Ann Wilson: Which would be interesting, too, because if we in the church would see one another and call out the greatness and see the masterpiece, that's so attractive. Wouldn't people want to be in those doors when people...

Dave Wilson: It's a magnet.

Ann Wilson: Exactly.

Dave Wilson: It would absolutely draw people in. I can remember decades ago watching a marriage talk by a guy named Gary Smalley. He's no longer with us; he's with the Lord. His son Greg now does ministry at Focus on the Family.

Gary talked about the Hebrew root of the word honor. Have you ever heard this? Fascinating. Never forgotten it. He was just saying we're called to honor our mother and father, but we're called to honor one another. We should be known for honor.

The root is a Hebrew word that means to bow or to bend the knee. He said his point was when you're in the presence of somebody really valuable, it's something you do. Some countries they will literally bow, but we honor people not often based on whether we like them or not, but based on their value.

Like when a judge walks in the courtroom, you say "the honorable judge." I may not even like the person, but he's got a position of honor. He goes, "What would it look like if every time you're around a person..." Oh, and I remember he said this: he goes, "When you honor people, you're in awe." He goes, "Your jaw drops." That's how we should approach our spouse, our kids, our neighbor.

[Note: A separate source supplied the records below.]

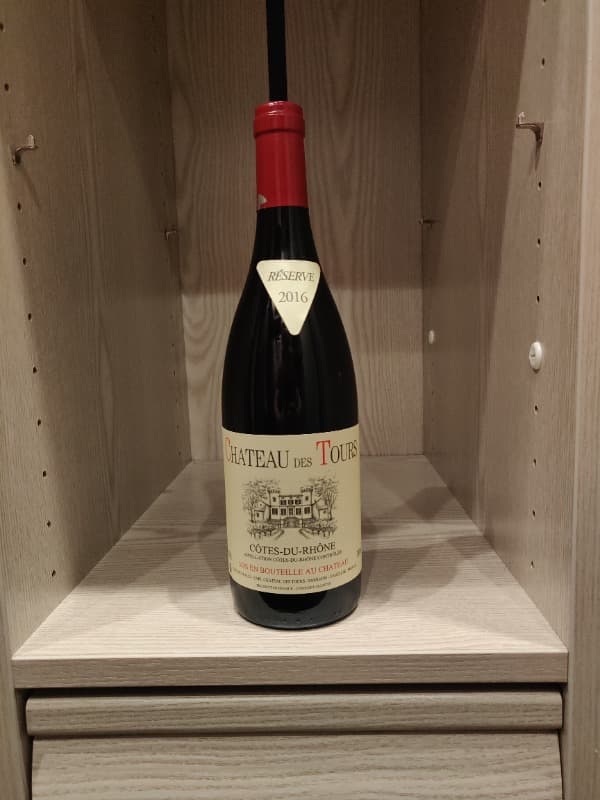 Côtes-du-Rhône, Château des Tours réserve, 2016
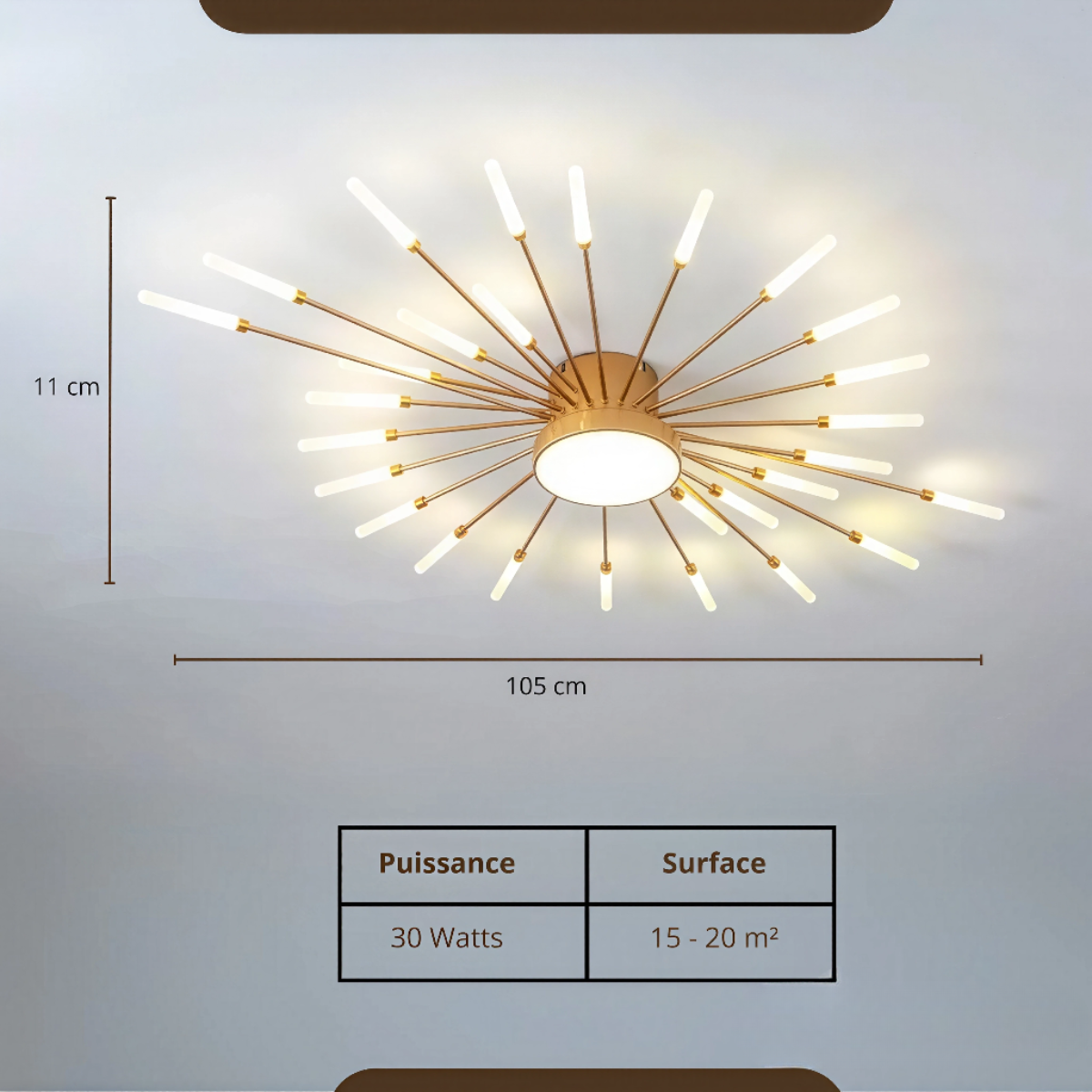 Plafonnier moderne salon - Solara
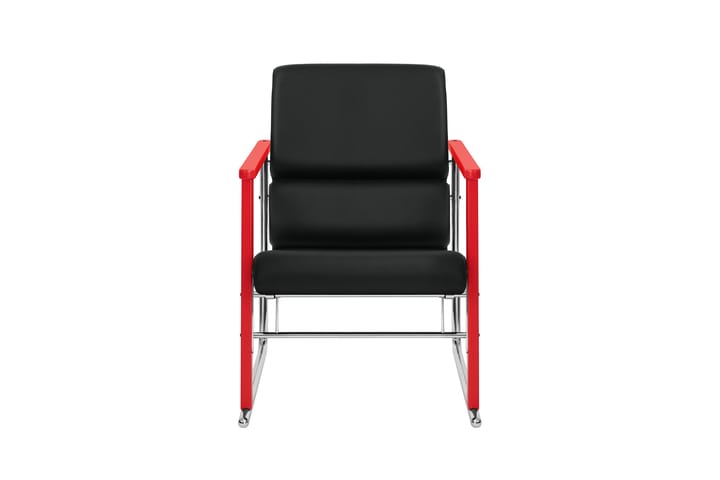 Sillón lounge Experiment 503, Red-black leather Hem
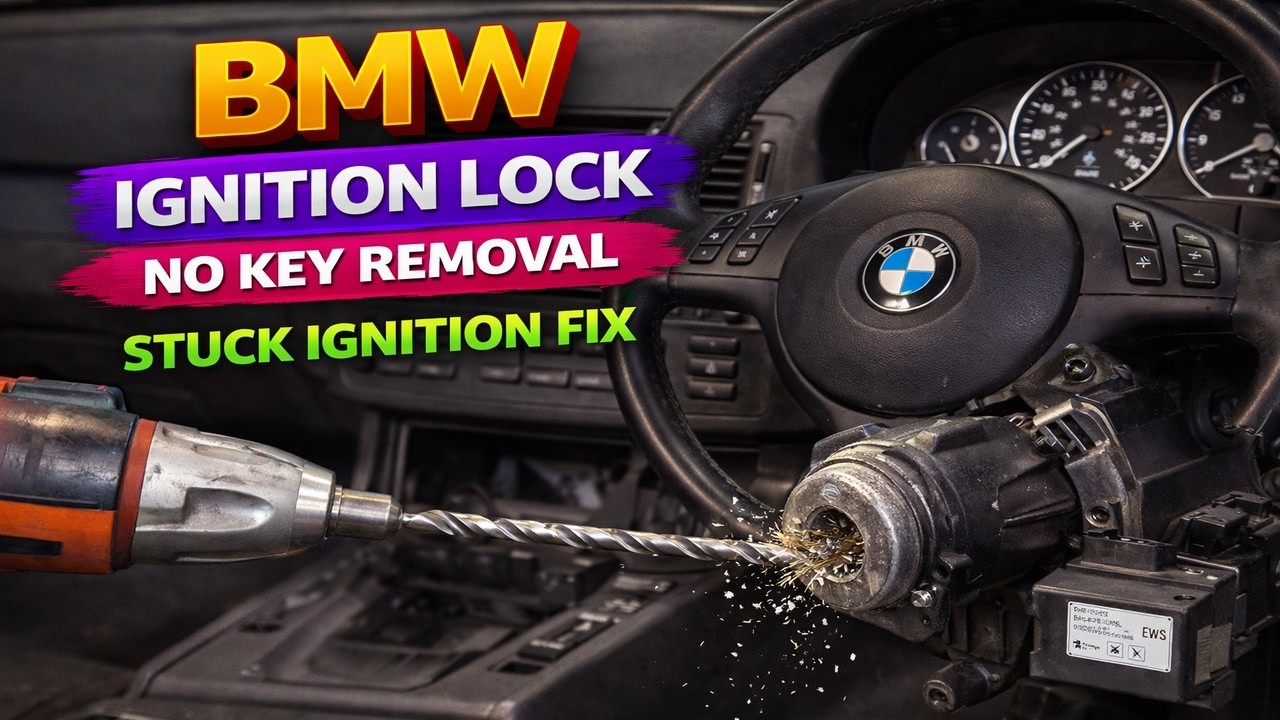 BMW 325i Ignition Lock Cylinder Removal | DIY No-Key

Don Everts: That's what Jesus did, right? Everyone's saying, "Get this leper out of here. Get this old widow out of here." And Jesus saw the dignity that they were imbued with by their Creator.

Dave Wilson: One of our sons has a preaching gift and he calls them God goggles. He did a message once and he goes, "You put on eyes of Jesus to see people the way Jesus saw them. If you see people the way Jesus saw them, you will treat them the way Jesus did." And that's how we have to see the Imago Dei. We've got to see the image of God in everyone.

Ann Wilson: I think, let's just be super practical. Even in parenting, our kids can hit phases that it's difficult to like them at times. The image of God has left the building.

But I remember saying to our boys at certain times, "I just need some time with you." And what it was because we're all giving off sparks, we're all pushing each other's buttons. But there was something about just sitting down at a meal and I could see them, like, "Ah, there you are. I see that." Because I get so messed up in my own head and then I would say those things that I saw that God put in them. I'm like, "Look at you. Look at you."

Don Everts: And how powerful is that for them being formed? Because you're right. I mean, we're managing household. Families are busy. You have multiple kids. You're just managing the household, let alone to have time where you see one child and be able to reflect those things to them and build that into them. God loves you not from just a bumper sticker perspective.

Ann Wilson: And not for what you do.

Don Everts: He loves you because He made you and you're amazing. So it's been sobering for me to think about, as I've been in the research about the giftings and looking at the scripture and working on this book, how powerful it is to see people with God goggles.

Dave Wilson: I haven't thought of it in that phrase, but that's perfect. I need to revise the book now. I always hated how I preach all this stuff and nobody remembers it. My son gives a sermon, "Hey, God goggles," and I'm like, "I said that 20 years ago!" But what is interesting is one of your themes of the book is everyone has a gift and with gifts to share.

One of the things that we've done with FamilyLife for 30 plus years is we speak at their Weekend to Remember marriage getaway. One of the big ideas of that manual that I had never heard before going to this conference... we went to it as an engaged couple two weeks before our wedding. Honestly, we've said this many times, we didn't listen because we thought we don't need this. We love each other, we love Jesus, we're going into ministry.

And now we teach it. But one of the big ideas is a critical point in marriage that I'd love to hear your thoughts on and it's really going back to the garden story, Garden of Eden, where Adam's asleep and God fashions Eve. And then God brings Eve to Adam.

Nobody thinks about this, but at that moment in the garden, there's a question. The question is, "Will you receive Eve as my gift to you?" Because God the Father is walking her, in a sense, down the aisle to Adam.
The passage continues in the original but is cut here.